Semi-parametric topological memory for navigation

Authors: Nikolay Savinov, Alexey Dosovitskiy, Vladlen Koltun

ICLR 2018 | Conference PDF | Archive PDF | Plain Text | LLM Run Details

Reproducibility Variable Result LLM Response
Research Type Experimental We evaluate the proposed system and relevant baselines on the task of goal-directed maze navigation in simulated three-dimensional environments. The proposed system outperforms baseline approaches by a large margin. Given 5 minutes of maze walkthrough footage, the system is able to build an internal representation of the environment and use it to confidently navigate to various goals within the maze. The average success rate of the SPTM agent in goal-directed navigation across test environments is higher than the best-performing baseline by a factor of three. Qualitative results and an implementation of the method are available at https://sites.google.com/view/SPTM.
Researcher Affiliation Collaboration Nikolay Savinov ETH Z urich Alexey Dosovitskiy Intel Labs Vladlen Koltun Intel Labs
Pseudocode No The paper describes the components and processes of SPTM verbally and with diagrams, but it does not include any structured pseudocode or algorithm blocks.

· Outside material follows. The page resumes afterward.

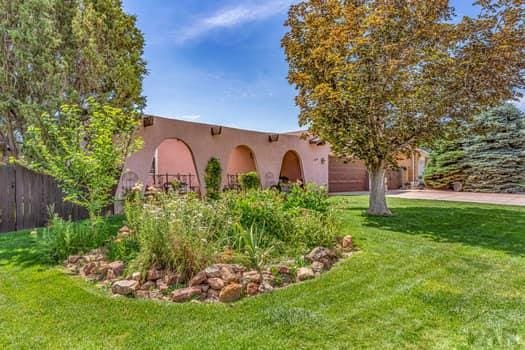 southwest-style home featuring a garage, a front yard, fence, and stucco siding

Open Source Code Yes Qualitative results and an implementation of the method are available at https://sites.google.com/view/SPTM.

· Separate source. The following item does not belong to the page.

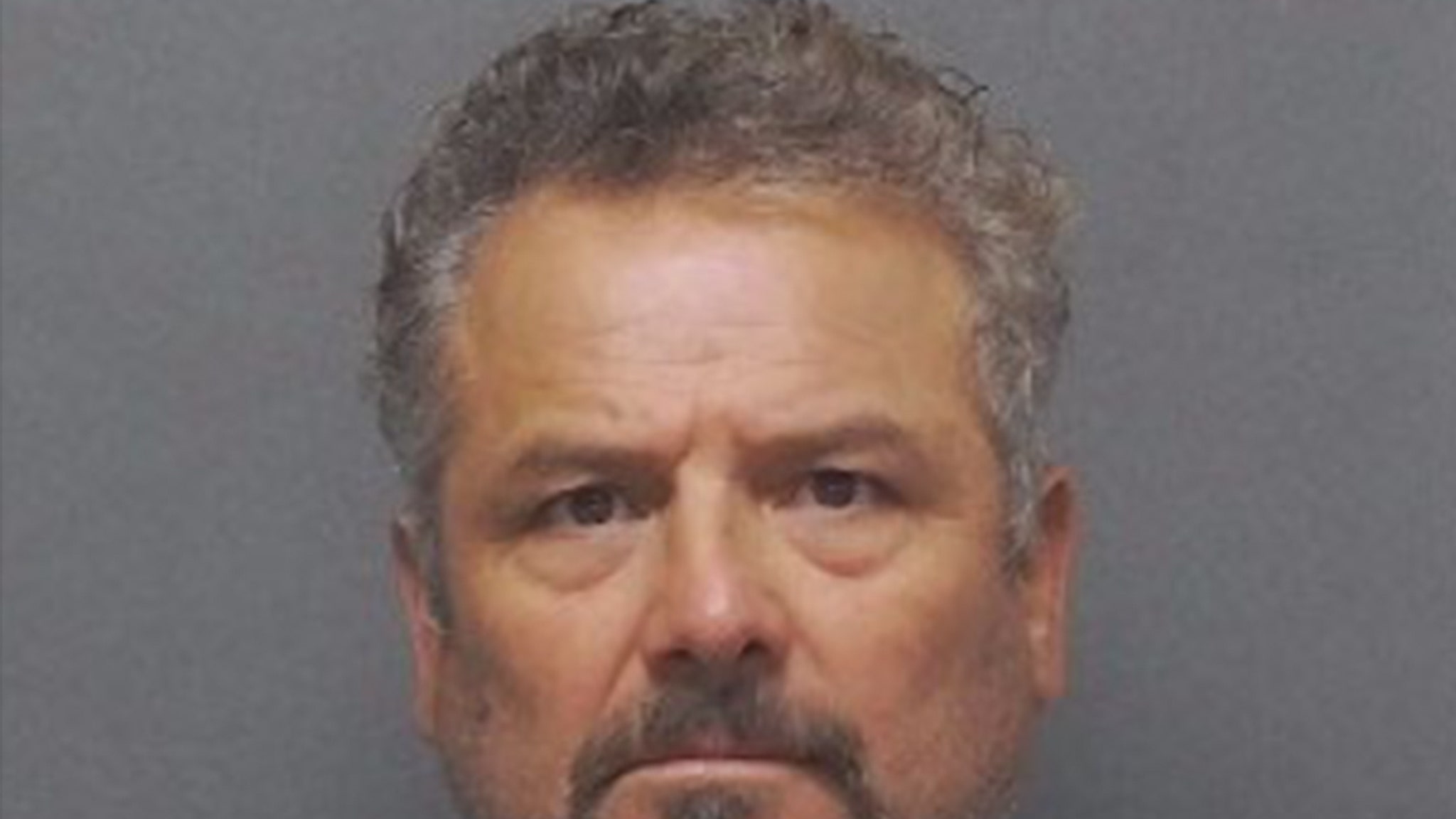 Suspect's Mug Shot in Murder of 'King of the Hill' Voice Actor Released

Open Datasets No The paper describes generating training data by 'executing a random agent in the training environment' using a simulated Doom environment, but it does not provide concrete access (e.g., a link or citation) to the specific generated dataset used for training, nor does it claim the generated dataset is publicly available.
Dataset Splits Yes We used different mazes for training, validation, and testing. In addition, we created 3 mazes for validation and 7 mazes for testing.
Hardware Specification No The paper mentions the use of ResNet-18 as a base architecture and discusses the size of the networks, but it does not specify any particular hardware components like CPU or GPU models used for training or experimentation.
Software Dependencies No The paper mentions 'Keras (Chollet et al., 2015) and TensorFlow (Abadi et al., 2016)' as the frameworks used for implementation, but it does not provide specific version numbers for these software dependencies, which is required for reproducibility.
Experiment Setup Yes We train the networks R and L for a total of 1 and 2 million mini-batch iterations, respectively. We set this number to 2000 in what follows. When making visual shortcuts in the graph, we set the minimum shortcut distance Tℓ= 5 and the smoothing window size Tw = 10. The threshold values for waypoint selection are set to slocal = 0.7 and sreach = 0.95. The minimum and maximum waypoint distances are set to Hmin = 1 and Hmax = 7, respectively.